It is evident from election results in France and Greece that a wind of change is buffeting political stability in Europe.
Being outside the eurozone will not prevent it swirling across the UK.
Francois Hollande was elected President of France on a domestic programme of boosting public spending, higher taxation on large companies and top earners and restoring a lower retirement age for some workers. The key question now, not only for France but for the rest of the EU, is whether his policies for growth will result in a shift of emphasis for the eurozone, where division is deepening between the proponents of austerity programmes of cuts in public spending and those who believe investment is required to stimulate growth.
With the election of Mr Hollande the two sides in this perpetual economic argument are now personified by the French President-elect and the German Chancellor, Angela Merkel. Yesterday the German Government was quick to announce it will not renegotiate Europe's fiscal compact on budget discipline and rejects measures to foster growth that would push up debt levels. Yet, wriggle room is required. Since both leaders at the centre of the euro project will want to keep it on course, they must strive for balance and embrace pragmatism.
The prospect for growth will gain credibility if Mr Hollande can convince the Germans and other core members of the eurozone of the benefits of a growth pact that, crucially, will augment rather than replace the austerity pact. That pact has failed to produce the intended stability in the zone's peripheral countries.
The inconclusive result of the national election in Greece, which gave neo-fascists their first parliamentary seats and put the hard left in second place overall, raises the question of how long that country can remain a member of the eurozone. Those who believe a Greek exit would be beneficial in the longer term both for Greece and the other eurozone members, however, must be prepared to weather the damage of a domino effect on other weak economies in Europe and on the banking system in the event of a default.
The Greeks have delivered a verdict on austerity fatigue in most spectacular fashion.
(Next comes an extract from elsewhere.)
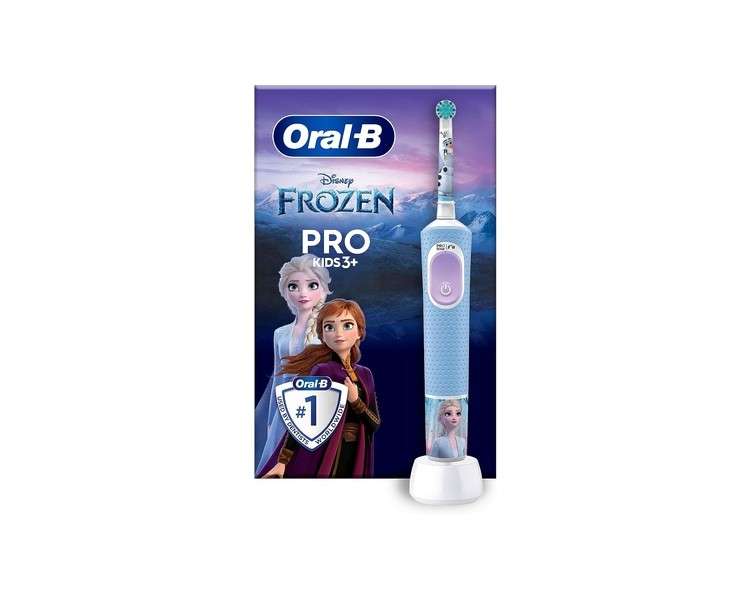 Oral-B Pro 103 Kids Frozen Electric Toothbrush for Children 3+ Years - Blue (Design May Vary)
But the voters of Schleswig-Holstein also voiced discontent in a regional election in which Mrs Merkel's Christian Democrats recorded their worst result since 1950. She cannot afford to turn a deaf ear in an election year. Donor fatigue in northern Europe has the potential to become as forceful as austerity fatigue in the south.
Similar tensions are being played out in the UK as George Osborne's austerity measures are failing to spark the private sector growth in which he has put so much faith, to the point where the economy is back in recession.
The British people registered their lack of confidence in the Coalition Government's Plan A at the local elections last week. Faced with publicly voiced unrest from the right wing of his own party and growing support for Labour in the polls, David Cameron's response yesterday that his Government was not "just a bunch of accountants trying to turn around the British economy like it is a failing company" was negative and sounded hollow, in light of the double-dip recession. To people struggling as a result of rising inflation, frozen wages, high unemployment and cuts to child benefit, tax credits and public services, today's relaunch of the Coalition will look like political window dressing. Also, there seems little in the Queen's Speech of real economic substance to counteract that perception.
Plan A patently is not working, economically for the country or politically for an embattled Coalition. Mr Hollande also has a difficult task ahead but his road map has more than one route.